Co-Authored-By: Claude Opus 4.7 <noreply@anthropic.com>
This commit is contained in:
Viktor Barzin 2026-05-07 19:08:17 +00:00
parent 59885c21d0
commit 8c73a0243a
3 changed files with 31 additions and 168 deletions

View file

@ -14,12 +14,9 @@ steps:
- name: build-and-push
image: woodpeckerci/plugin-docker-buildx
settings:
# Dual-push during the Forgejo registry consolidation bake. infra-ci
# is the most safety-critical image — every infra pipeline pulls it,
# including the one that fixes Forgejo when it breaks. Tarball
# break-glass below covers the chicken-and-egg.
# Phase 4 of forgejo-registry-consolidation 2026-05-07 —
# registry.viktorbarzin.me dropped, Forgejo is the only target.
repo:
- registry.viktorbarzin.me:5050/infra-ci
- forgejo.viktorbarzin.me/viktor/infra-ci
dockerfile: ci/Dockerfile
context: ci/
@ -28,97 +25,22 @@ steps:
- "${CI_COMMIT_SHA:0:8}"
platforms: linux/amd64
logins:
- registry: registry.viktorbarzin.me:5050
username:
from_secret: registry_user
password:
from_secret: registry_password
- registry: forgejo.viktorbarzin.me
username:
from_secret: forgejo_user
password:
from_secret: forgejo_push_token
# Post-push integrity check. Re-resolves the image we just pushed and HEADs
# every blob it references — top-level manifest (index or single), each child
# platform manifest, each config blob, each layer blob. If any returns !=200
# the pipeline fails loudly here so we never ship a broken index downstream.
# Historical context: 2026-04-13 and 2026-04-19 incidents both shipped indexes
# whose platform/attestation children had been GC-orphaned on the registry VM.
- name: verify-integrity
image: alpine:3.20
environment:
REG_USER:
from_secret: registry_user
REG_PASS:
from_secret: registry_password
commands:
- apk add --no-cache curl jq
- REG=registry.viktorbarzin.me:5050
- REPO=infra-ci
- SHA=${CI_COMMIT_SHA:0:8}
- AUTH="$REG_USER:$REG_PASS"
- |
set -euo pipefail
ACCEPT='Accept: application/vnd.oci.image.index.v1+json,application/vnd.oci.image.manifest.v1+json,application/vnd.docker.distribution.manifest.list.v2+json,application/vnd.docker.distribution.manifest.v2+json'
fetch_manifest() {
# Prints the body to $2, returns the HTTP code as stdout.
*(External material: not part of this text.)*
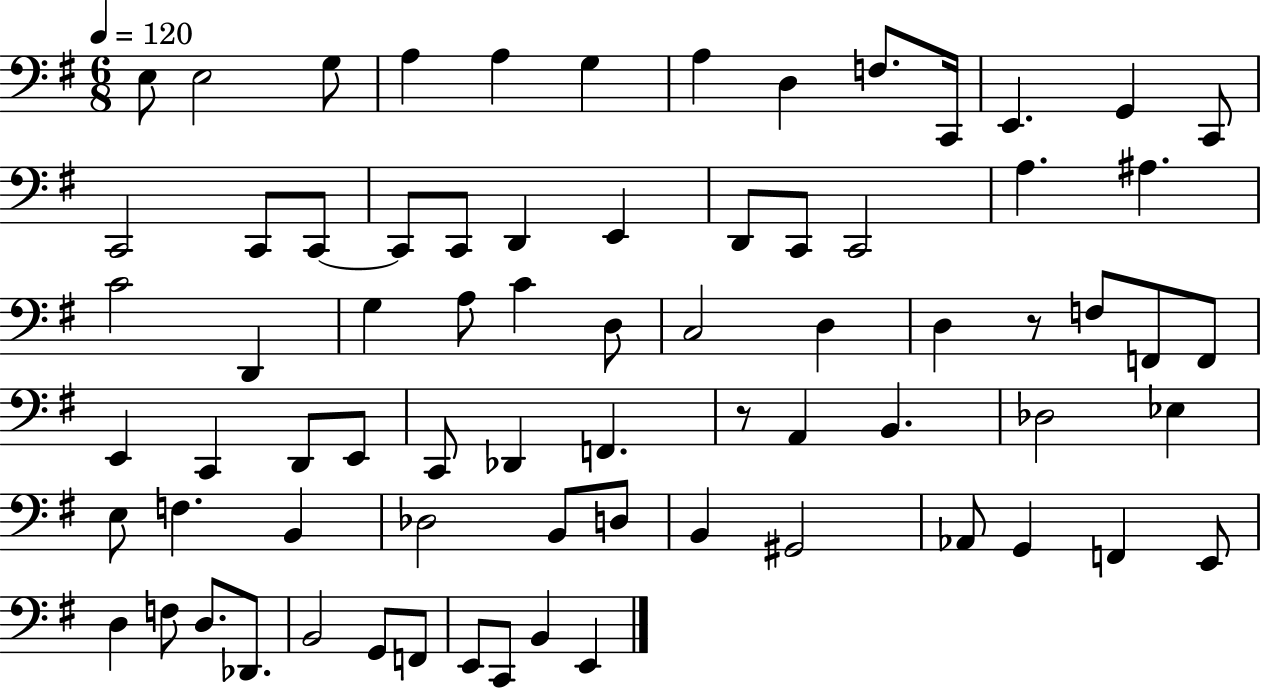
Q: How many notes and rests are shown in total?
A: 73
curl -sk -u "$AUTH" -H "$ACCEPT" \
-o "$2" -w '%{http_code}' \
"https://$REG/v2/$REPO/manifests/$1"
}
head_blob() {
curl -sk -u "$AUTH" -o /dev/null -w '%{http_code}' \
-I "https://$REG/v2/$REPO/blobs/$1"
}
verify_single_manifest() {
local ref="$1" tmp=/tmp/m-$$.json
local rc cfg
rc=$(fetch_manifest "$ref" "$tmp")
if [ "$rc" != "200" ]; then
echo "FAIL: manifest $ref returned HTTP $rc"; return 1
fi
cfg=$(jq -r '.config.digest // empty' "$tmp")
if [ -n "$cfg" ]; then
rc=$(head_blob "$cfg")
[ "$rc" = "200" ] || { echo "FAIL: config blob $cfg returned HTTP $rc"; return 1; }
fi
jq -r '.layers[]?.digest' "$tmp" > /tmp/layers-$$.txt
while IFS= read -r layer; do
[ -z "$layer" ] && continue
rc=$(head_blob "$layer")
[ "$rc" = "200" ] || { echo "FAIL: layer blob $layer returned HTTP $rc"; return 1; }
done < /tmp/layers-$$.txt
return 0
}
echo "=== Verifying push integrity for $REPO:$SHA ==="
TOP=/tmp/top-$$.json
rc=$(fetch_manifest "$SHA" "$TOP")
[ "$rc" = "200" ] || { echo "FAIL: top manifest :$SHA returned HTTP $rc"; exit 1; }
MT=$(jq -r '.mediaType // empty' "$TOP")
echo "Top-level media type: ${MT:-<unset>}"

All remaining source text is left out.